START Collected data

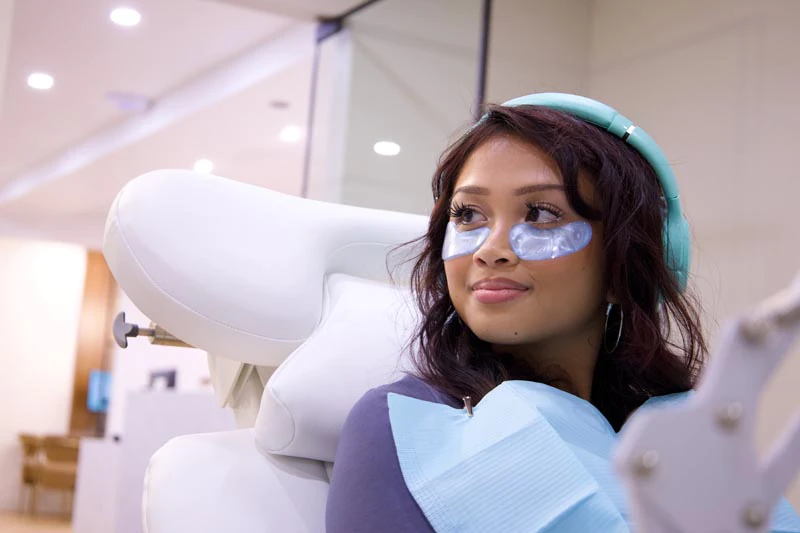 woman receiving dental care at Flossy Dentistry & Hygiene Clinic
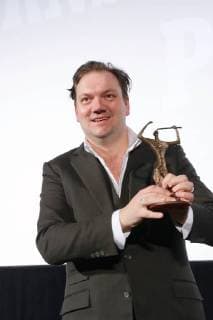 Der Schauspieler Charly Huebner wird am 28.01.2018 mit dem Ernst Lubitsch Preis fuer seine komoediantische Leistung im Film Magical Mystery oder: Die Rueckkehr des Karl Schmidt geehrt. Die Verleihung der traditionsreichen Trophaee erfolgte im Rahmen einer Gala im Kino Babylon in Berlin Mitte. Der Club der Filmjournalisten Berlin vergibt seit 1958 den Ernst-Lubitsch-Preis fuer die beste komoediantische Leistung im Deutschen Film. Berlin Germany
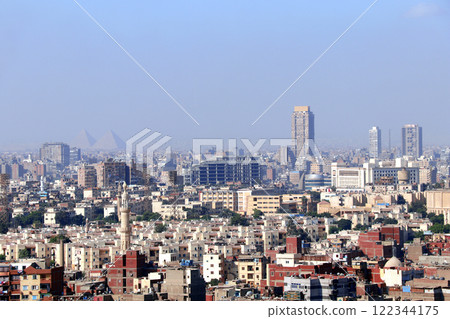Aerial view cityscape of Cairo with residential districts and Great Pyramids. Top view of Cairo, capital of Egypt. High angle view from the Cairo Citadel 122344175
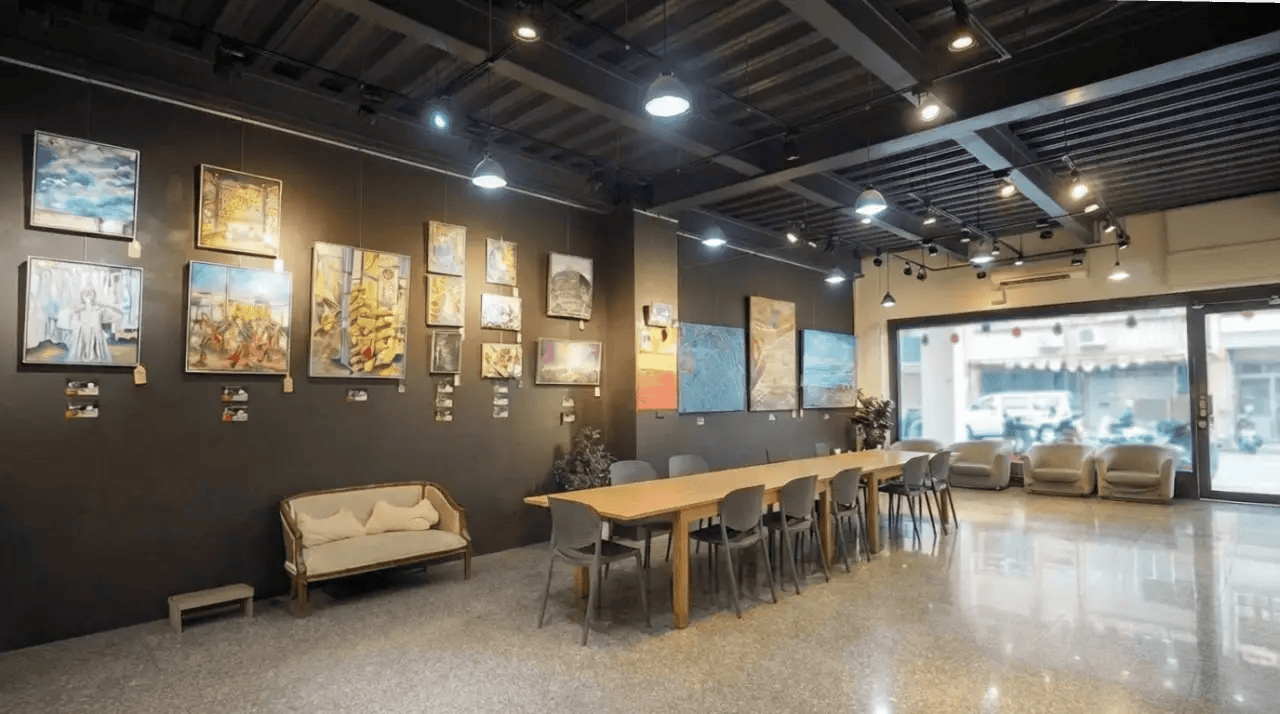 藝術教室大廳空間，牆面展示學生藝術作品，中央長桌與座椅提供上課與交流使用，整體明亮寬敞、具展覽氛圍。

END Collected data

Pictures stay out; retype only the lines from the line containing "Aerial view cityscape" through the end of the listing, inclusive, exactly as they appear.

*Task answer*.
Aerial view cityscape of Cairo with residential districts and Great Pyramids. Top view of Cairo, capital of Egypt. High angle view from the Cairo Citadel 122344175
 藝術教室大廳空間，牆面展示學生藝術作品，中央長桌與座椅提供上課與交流使用，整體明亮寬敞、具展覽氛圍。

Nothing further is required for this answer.